この事例は病院に収容したものの、この疾患を扱える高次機能病院への搬送受け入れまでに5病院に断られ、6病院目、初診から3時間10分後に専門病院に搬送できたというもので、いわば3次救急のたらい回しと言えます。許せない事です。
残念ながら秩父地域には、この患者さんのような大血管疾患、心筋梗塞、脳卒中等の疾患を治療できる医療機関はありません。
従って、対処不能な疾患では大学病院等にお願いすることになります。以前は今回のような事例は頻回にありましたが、近年は大学等のご配慮や救急搬送システムも充実してきており、このような事例は少なくなってきております。
そもそも、日本の救急体制は1次、2次、3次救急に分かれており、おおざっぱに言うと、1次は外来診療で済む程度のもの。2次は入院治療が必要となるもの(主に二次救急病院が担う)。3次は2次救急では対応できないもの。となっており、3次救急医療を扱う医療機関は救命救急センターとして、100万人に対し一施設が整備されています。従って埼玉県では人口700万人を超え、8施設の救急救命センターがあります。言ってみれば、我々2次救急病院と患者にとって最後の砦と言えます。

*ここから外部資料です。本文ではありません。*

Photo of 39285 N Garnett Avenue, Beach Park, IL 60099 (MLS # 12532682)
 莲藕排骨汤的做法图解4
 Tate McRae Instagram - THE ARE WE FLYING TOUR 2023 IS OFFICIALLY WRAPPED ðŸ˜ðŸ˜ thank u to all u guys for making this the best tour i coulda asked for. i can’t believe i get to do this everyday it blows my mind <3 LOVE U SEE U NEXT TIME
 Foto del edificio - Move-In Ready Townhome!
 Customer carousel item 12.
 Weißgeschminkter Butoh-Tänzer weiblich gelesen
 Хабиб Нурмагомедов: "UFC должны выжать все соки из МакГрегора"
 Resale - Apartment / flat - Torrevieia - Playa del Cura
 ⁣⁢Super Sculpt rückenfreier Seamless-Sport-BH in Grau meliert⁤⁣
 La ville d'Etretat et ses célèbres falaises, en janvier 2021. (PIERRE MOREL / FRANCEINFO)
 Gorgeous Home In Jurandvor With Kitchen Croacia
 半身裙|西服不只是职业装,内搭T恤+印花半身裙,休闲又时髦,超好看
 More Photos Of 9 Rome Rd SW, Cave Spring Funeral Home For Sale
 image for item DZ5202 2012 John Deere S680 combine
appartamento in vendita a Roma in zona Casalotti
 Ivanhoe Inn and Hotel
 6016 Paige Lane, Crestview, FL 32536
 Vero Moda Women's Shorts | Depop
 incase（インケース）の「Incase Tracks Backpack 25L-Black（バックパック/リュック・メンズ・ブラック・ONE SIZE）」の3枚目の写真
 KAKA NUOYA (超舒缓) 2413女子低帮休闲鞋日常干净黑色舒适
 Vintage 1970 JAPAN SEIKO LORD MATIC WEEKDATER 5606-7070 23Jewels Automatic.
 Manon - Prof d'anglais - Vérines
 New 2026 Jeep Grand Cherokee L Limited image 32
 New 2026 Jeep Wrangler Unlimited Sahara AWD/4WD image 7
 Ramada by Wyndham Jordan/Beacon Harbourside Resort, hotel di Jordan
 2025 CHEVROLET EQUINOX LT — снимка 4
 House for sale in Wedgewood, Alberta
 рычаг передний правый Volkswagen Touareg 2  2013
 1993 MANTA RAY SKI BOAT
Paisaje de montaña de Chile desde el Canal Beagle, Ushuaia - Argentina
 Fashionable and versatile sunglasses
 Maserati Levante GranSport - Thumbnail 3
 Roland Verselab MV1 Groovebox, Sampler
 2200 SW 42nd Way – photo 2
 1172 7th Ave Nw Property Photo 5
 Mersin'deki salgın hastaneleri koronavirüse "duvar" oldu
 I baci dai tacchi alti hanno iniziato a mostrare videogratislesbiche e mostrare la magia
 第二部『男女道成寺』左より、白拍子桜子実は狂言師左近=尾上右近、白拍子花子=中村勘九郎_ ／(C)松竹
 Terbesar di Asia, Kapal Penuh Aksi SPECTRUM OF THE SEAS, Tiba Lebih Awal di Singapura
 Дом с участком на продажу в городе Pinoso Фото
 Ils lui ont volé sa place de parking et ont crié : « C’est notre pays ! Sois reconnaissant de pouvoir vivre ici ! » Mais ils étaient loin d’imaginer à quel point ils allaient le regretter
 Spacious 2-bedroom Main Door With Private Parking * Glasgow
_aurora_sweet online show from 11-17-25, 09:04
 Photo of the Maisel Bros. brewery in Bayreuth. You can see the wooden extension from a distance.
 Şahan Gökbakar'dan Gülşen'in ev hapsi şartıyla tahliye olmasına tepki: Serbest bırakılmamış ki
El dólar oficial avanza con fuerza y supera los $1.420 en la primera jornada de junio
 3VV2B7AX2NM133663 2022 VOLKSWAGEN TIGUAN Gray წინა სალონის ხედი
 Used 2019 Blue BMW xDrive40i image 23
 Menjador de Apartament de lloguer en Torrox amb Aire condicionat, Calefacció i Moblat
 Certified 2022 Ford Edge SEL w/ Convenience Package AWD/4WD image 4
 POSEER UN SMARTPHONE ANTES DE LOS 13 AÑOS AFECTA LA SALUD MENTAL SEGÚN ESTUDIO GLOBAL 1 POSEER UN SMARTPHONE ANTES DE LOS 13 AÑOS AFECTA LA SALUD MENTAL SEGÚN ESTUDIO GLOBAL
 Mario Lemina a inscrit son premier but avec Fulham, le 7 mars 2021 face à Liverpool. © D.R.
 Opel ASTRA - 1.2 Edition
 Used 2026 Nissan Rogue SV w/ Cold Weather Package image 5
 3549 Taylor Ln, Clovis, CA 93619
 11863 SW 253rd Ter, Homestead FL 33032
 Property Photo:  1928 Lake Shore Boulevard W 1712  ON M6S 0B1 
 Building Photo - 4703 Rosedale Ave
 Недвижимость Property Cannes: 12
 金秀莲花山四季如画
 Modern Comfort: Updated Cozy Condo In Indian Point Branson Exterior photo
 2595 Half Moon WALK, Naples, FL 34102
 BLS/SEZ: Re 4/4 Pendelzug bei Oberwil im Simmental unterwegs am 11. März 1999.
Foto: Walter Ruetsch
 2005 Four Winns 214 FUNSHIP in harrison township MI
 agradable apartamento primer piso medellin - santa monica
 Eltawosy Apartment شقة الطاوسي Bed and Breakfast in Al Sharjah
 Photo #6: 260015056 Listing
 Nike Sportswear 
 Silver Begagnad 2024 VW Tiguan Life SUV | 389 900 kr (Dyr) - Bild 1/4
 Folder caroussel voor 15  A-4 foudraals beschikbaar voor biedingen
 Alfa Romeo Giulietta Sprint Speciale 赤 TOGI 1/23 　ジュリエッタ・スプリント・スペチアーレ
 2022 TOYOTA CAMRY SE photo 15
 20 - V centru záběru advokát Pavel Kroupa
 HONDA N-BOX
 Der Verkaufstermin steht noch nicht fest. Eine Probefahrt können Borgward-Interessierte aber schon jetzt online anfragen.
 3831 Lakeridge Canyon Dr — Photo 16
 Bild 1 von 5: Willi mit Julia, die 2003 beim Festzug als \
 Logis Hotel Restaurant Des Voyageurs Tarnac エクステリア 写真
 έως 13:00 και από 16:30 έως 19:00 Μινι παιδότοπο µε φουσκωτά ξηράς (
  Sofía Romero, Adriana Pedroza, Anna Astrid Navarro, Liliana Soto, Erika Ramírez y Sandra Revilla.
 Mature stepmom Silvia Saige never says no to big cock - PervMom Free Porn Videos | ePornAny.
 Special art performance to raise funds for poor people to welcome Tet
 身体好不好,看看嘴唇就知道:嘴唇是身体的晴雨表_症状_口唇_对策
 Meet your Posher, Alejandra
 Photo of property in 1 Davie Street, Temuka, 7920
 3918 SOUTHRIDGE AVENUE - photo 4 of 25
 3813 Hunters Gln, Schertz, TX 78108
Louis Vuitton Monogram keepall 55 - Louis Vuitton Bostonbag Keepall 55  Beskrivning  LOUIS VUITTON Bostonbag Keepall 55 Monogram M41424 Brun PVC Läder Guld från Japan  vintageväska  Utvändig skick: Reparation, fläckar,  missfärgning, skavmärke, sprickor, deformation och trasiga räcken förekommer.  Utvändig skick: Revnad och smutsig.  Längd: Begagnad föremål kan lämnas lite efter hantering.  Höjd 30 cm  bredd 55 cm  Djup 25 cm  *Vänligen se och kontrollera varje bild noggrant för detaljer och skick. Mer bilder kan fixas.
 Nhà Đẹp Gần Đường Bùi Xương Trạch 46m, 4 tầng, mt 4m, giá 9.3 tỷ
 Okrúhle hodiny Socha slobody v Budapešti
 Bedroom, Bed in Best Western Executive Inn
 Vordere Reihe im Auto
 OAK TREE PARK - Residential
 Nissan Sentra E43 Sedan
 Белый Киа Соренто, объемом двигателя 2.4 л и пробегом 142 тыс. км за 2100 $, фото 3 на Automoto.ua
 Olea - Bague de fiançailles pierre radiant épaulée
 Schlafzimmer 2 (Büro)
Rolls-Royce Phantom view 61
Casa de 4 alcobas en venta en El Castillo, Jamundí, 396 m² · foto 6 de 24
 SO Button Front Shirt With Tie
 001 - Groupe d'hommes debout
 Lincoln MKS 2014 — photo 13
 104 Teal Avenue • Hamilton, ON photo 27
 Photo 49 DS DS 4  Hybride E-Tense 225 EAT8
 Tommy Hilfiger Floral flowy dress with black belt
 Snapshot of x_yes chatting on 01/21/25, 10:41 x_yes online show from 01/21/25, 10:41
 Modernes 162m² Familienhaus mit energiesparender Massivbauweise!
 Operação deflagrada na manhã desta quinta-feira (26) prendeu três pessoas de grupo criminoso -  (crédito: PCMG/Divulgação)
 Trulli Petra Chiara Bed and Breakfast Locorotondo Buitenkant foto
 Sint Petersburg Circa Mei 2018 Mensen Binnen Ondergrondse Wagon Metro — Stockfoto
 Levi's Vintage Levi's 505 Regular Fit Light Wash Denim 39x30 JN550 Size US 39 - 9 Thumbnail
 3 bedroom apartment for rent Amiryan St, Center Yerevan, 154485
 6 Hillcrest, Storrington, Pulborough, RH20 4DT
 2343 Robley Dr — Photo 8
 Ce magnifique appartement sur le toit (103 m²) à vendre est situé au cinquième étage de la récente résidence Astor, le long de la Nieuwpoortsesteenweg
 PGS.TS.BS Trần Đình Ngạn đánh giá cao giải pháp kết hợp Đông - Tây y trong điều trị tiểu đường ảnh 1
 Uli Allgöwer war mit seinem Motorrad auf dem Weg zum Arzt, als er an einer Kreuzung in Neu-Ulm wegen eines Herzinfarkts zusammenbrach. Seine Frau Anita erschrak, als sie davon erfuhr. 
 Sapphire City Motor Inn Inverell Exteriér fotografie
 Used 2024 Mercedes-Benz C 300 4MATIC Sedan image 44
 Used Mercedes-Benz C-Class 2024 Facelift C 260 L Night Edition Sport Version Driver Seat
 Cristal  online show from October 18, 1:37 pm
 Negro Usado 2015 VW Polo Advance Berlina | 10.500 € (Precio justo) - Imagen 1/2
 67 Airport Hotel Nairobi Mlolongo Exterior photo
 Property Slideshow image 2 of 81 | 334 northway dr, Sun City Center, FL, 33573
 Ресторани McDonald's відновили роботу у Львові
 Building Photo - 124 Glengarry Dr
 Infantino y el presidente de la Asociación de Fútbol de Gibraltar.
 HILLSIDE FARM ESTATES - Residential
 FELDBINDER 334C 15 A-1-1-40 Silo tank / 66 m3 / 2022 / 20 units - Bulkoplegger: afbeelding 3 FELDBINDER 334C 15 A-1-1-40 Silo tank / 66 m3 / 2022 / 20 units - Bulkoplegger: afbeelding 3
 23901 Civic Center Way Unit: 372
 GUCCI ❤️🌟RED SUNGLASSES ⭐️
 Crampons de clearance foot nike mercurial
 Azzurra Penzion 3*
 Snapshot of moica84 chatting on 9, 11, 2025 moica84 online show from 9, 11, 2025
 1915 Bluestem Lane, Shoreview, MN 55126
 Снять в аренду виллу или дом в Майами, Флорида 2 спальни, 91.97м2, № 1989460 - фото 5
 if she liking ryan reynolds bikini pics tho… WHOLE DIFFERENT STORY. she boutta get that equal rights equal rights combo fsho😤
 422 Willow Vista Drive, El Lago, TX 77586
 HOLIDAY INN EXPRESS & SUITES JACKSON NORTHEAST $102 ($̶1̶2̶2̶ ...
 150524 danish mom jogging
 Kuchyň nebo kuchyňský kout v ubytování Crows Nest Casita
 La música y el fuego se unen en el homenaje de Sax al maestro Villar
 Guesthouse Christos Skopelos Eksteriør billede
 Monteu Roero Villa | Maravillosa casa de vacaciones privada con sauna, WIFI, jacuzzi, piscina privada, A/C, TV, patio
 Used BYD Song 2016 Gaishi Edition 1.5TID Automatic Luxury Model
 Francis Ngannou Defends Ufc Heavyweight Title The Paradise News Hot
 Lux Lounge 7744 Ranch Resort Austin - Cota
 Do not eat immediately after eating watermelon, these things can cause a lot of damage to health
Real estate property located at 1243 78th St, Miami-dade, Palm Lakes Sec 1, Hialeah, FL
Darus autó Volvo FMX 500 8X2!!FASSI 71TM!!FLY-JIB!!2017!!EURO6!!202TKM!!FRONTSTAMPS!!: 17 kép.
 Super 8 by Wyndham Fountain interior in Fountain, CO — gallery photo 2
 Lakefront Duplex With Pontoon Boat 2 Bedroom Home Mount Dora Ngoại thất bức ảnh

先に述べたように、秩父では、たらい回しの率が少ないのですが、それは取りも直さず、あらゆる患者さんを収容し、その中には対処できない患者さんも大勢いるということです。
救急医療をやって行く上で、最も大きな負担を強いられ、多大エネルギーを費やすのは、受け入れ病院を探すこと、そして患者を医師が付き添って送り届けることです。この事例での、受け入れ出来ない理由は、ICUが一杯、心臓血管外科医が不在、理由不明、でありました。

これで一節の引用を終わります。